To showcase this tragedy, dentsu Impact has created an eye-opening film, more like an ode for My Choices Foundation. The narrative showcases various versions of Chotus, taking you through a shocking-startling journey through the hellish world that has these hapless chotus in its never-relenting grip. The film truly communicates their silent tribulations and sufferings.
To know what went into the making of this film, which has struck a deeply emotional chord with people. Pavan R Chawla caught up with Anupama Ramaswamy -Managing Partner and National Creative Director – dentsu Impact, who spoke about the film and told us how each one of us can help such unfortunate children escape this cruel existence, and help improve #Chotukachildhood.
What was the brief for #Chotukachildhood?
My Choices Foundation wanted the world realise that there are too many children who still do not enjoy full rights and free choices. The problem is we all feel sad when we see a child working for a living, but unfortunately, nobody reports such instances. The numbers of Child Labour in India are astonishing. They wanted to bring to notice the violence, abuse, and exploitation these children go through.
What are some facts, figures that shocked you when you were working on this campaign?

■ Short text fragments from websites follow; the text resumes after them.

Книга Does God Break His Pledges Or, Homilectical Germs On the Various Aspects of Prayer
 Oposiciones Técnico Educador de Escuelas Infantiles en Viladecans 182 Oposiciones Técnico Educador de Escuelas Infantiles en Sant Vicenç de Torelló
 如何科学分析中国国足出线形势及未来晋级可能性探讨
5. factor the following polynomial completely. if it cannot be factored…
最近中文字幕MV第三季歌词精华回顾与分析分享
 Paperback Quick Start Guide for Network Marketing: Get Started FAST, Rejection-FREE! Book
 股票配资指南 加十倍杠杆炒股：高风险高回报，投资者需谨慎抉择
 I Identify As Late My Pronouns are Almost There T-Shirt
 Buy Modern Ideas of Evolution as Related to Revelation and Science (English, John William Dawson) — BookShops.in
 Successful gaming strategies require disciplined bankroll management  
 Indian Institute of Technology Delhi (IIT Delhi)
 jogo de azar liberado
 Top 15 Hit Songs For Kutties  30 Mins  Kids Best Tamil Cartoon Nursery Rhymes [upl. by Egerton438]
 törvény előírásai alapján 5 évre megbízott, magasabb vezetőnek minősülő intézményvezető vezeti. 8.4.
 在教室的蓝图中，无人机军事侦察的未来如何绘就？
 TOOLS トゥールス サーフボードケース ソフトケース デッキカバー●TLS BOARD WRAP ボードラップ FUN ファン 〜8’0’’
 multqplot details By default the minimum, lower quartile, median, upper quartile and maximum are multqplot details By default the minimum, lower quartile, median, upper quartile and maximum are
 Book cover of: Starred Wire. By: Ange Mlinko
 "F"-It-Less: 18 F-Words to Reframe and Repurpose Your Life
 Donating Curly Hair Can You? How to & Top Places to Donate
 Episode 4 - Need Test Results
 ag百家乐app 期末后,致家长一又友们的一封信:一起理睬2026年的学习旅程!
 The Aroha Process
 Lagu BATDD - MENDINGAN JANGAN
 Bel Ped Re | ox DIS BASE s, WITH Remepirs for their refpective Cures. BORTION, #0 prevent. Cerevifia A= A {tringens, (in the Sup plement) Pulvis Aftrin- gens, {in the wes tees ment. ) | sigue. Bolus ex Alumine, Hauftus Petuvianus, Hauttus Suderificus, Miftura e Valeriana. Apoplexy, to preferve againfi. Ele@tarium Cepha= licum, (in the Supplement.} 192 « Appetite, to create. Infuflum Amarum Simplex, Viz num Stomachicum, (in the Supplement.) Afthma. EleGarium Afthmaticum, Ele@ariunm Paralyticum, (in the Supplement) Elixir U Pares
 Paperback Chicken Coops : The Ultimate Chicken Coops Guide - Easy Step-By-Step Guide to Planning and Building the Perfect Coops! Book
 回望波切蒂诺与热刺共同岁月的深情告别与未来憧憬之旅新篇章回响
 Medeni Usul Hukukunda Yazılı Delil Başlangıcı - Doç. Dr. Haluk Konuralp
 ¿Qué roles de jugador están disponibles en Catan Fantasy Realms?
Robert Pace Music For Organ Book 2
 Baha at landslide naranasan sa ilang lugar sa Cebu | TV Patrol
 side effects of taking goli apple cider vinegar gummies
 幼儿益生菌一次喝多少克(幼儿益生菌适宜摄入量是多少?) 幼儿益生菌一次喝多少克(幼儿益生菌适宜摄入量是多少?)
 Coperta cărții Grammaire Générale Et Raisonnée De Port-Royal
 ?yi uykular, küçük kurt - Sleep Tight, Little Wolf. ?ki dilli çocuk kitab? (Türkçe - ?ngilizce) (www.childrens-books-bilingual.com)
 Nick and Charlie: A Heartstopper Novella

India has the largest number of children working in the world. According to data from Census 2011, the number of child laborers in India is close to 60 million, out of which only 10.1 million is officially documented. 5.6 million are boys and 4.5 million are girls. Another alarming number is that 7.8 million Indian children are forced to earn a livelihood even as they go to school. Child trafficking is also linked to child labor.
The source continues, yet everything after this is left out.